Hands on With NVIDIA's SLI - PAGE 9Terren Tong - Monday, January 10th, 2005
Overclocking
Our 6800GTs managed to overclock to 385 / 1.08 from the stock 350/1.0 so overclocking is not necessarily hampered by SLI. We only managed to squeeze a few megahertz out of the 3D1 so we are fairly certain that it was a card specific limitation.
Conclusions
SLI is fast and in graphics intensive tasks, it certainly does not seem that NVIDIA is exaggerating about the nearly doubling in performance. In the 3DMark05 features test especially, the theoretical max for fill rate, pixel and vertex shading were very close to a 100% increase on the 6800GT pair. For the most part, games had pretty good framerates even when enabling 8xS antialiasing - this is important for LCD users that are limited with resolution choices. For games that are heavily graphics dependent such as DOOM 3 and Halo, the effectiveness of the second graphics card is very apparent. For older games, the differences are not immediately seen until higher resolutions paired with high AA/AF settings are used. This leads into a design philosophy question - two blockbusters this year, DOOM 3 and Half-Life 2 seem to have taken tangents. id has gone with pushing graphical boundaries while Valve has put more of the emphasis on processor power. If developers continue down the id route, the benefits of SLI at lower resolutions and settings will be more apparent as this is where the performance jump with SLI will be seen. On the other hand, if a game engine is more dependent on the processor side, the power of SLI will be seen at the higher resolution coupled with high AA/AF settings.

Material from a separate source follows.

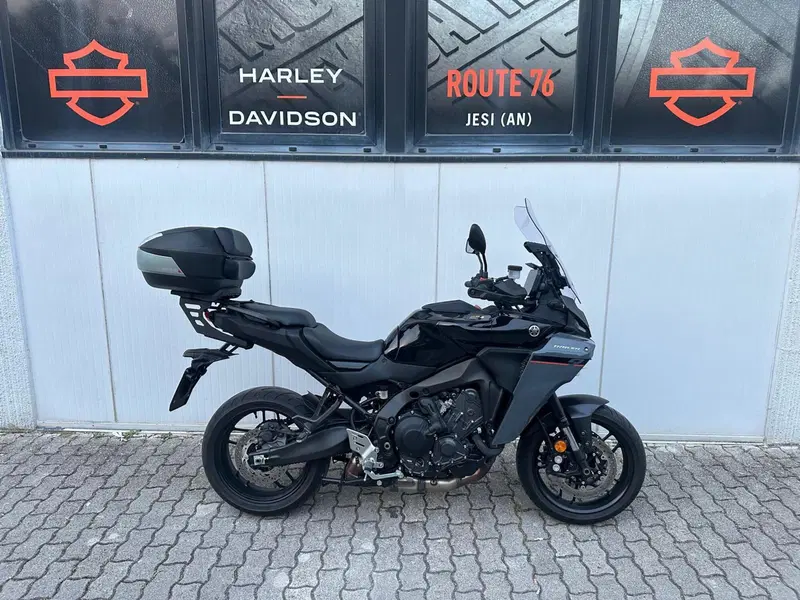 Yamaha Tracer 9 (2025 - 26)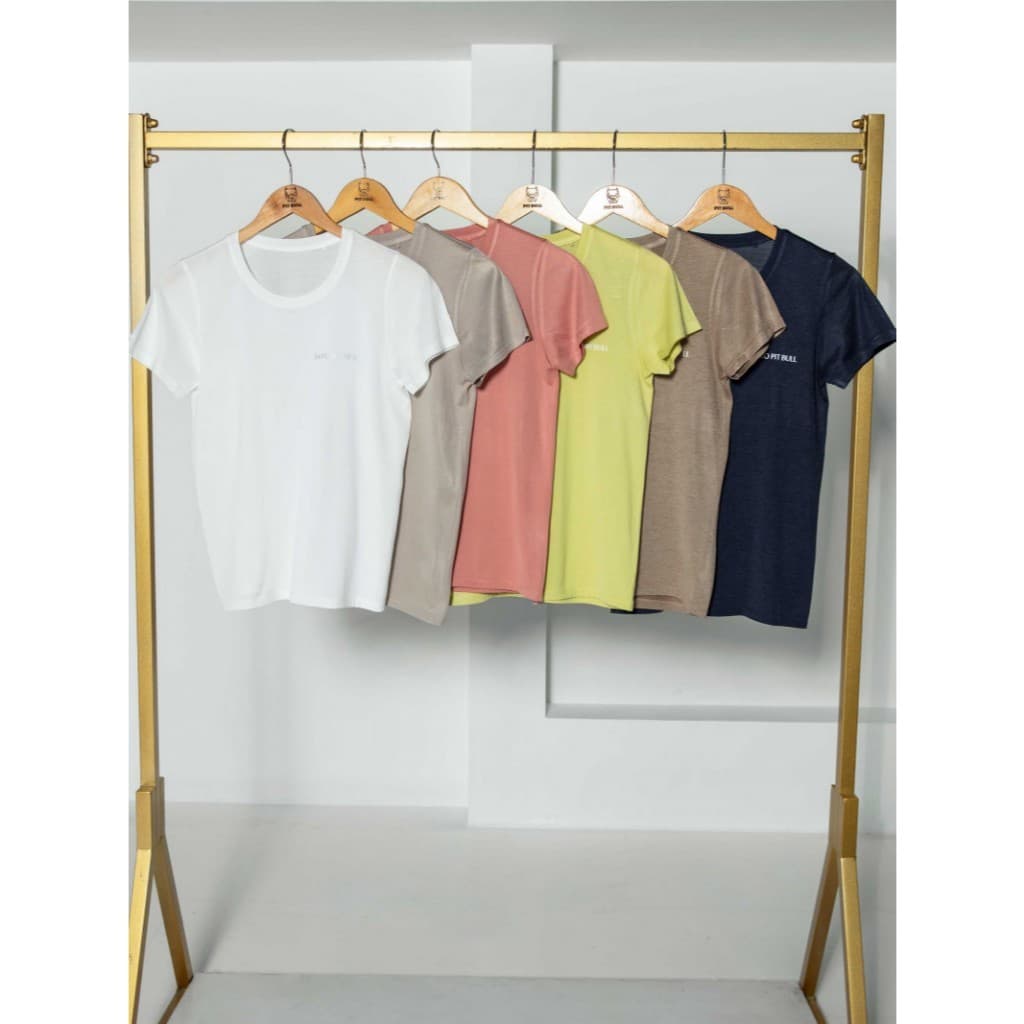 CAMISA T-SHIRT FEMININA PIT BULL 82969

On the upgrade side, SLI provides some interesting options for the end user - they will have a choice to simply add a second card to increase performance at some time in the future or the traditional route of upgrading to a more powerful video card. The former is pretty compelling as prices tend to drop and adding a second card should be less cost prohibitive than paying for something that is outright more powerful. Something to note however is that the same dataset is loaded onto both cards which means the total amount of memory available is not a simple addition of the onboard memory size. This is something that may be more relevant as we have seen in DOOM 3, the amount of memory available directly affects the texture quality setting that can be used comfortably.
The entry fee to the SLI party will be what the end user puts into it. For those that have hit their blood and/or other body fluid selling quota for the month, a 6600GT and a SLI board is not a huge additional investment over a nForce 4 Ultra board. With several manufacturers set to introduce nForce 4 Ultra based boards capable of SLI including DFI, the price gap should continue to shrink between SLI and non-SLI capable boards. This does not imply that SLI for hardcore users will be cheap - a pair of 6800GTs or 6800 Ultras will go for roughly 800-1000$ though that is not too different from shelling out for the latest Athlon FX. We also suggest that end users who are interested in a pair of 6800GTs or higher to get an appropriately fast processor as the bottleneck will not be the video card in the majority of cases.
Like with the rest of the GeForce 6 family, NVIDIA has done an impressive job with SLI and is just riding more than just hype - they have the goods to back it up and literally bring next generation performance to the desktop today. In the span of roughly 8 months NVIDIA has managed to more than quadruple processing power in their GPU lineup. It almost puts the damper on next generation parts, but hey, they can be SLIed too. It is going to be a good year on the hardware side.